• _Assigned task_: Below are records; count the lines among them that include the string "Quốc", and state only the number.

Data extracted from a collection
○ ○ ○
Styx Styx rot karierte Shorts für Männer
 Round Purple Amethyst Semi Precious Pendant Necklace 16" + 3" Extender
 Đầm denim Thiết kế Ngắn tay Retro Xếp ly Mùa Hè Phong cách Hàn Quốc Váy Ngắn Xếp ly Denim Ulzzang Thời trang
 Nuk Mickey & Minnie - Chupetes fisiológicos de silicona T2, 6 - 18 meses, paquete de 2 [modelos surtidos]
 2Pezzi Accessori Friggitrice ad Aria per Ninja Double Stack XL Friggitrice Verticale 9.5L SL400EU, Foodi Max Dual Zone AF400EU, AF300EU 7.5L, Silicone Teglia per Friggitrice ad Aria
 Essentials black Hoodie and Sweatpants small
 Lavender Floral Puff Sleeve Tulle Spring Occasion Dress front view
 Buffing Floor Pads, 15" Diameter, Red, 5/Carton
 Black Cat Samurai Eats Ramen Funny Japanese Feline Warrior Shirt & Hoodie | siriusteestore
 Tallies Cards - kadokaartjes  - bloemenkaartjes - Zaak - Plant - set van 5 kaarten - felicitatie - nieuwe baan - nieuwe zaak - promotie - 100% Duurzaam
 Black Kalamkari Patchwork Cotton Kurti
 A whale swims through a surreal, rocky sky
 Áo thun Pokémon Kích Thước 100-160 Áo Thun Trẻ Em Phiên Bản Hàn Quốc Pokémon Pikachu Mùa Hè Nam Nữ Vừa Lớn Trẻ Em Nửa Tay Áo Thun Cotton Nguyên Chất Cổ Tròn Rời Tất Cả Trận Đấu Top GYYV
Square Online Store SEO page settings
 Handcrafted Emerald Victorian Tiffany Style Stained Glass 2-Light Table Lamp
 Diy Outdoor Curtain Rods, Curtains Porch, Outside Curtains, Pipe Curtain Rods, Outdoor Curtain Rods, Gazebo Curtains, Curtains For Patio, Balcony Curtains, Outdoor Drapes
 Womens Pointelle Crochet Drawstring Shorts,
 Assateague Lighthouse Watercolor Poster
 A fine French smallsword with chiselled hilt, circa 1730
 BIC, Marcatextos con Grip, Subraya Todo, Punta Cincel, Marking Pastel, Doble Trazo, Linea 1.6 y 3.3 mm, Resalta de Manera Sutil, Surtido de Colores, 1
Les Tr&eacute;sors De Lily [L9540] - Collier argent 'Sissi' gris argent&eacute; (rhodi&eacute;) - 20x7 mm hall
○ ○ ○
• _Reply to the exercise_: 2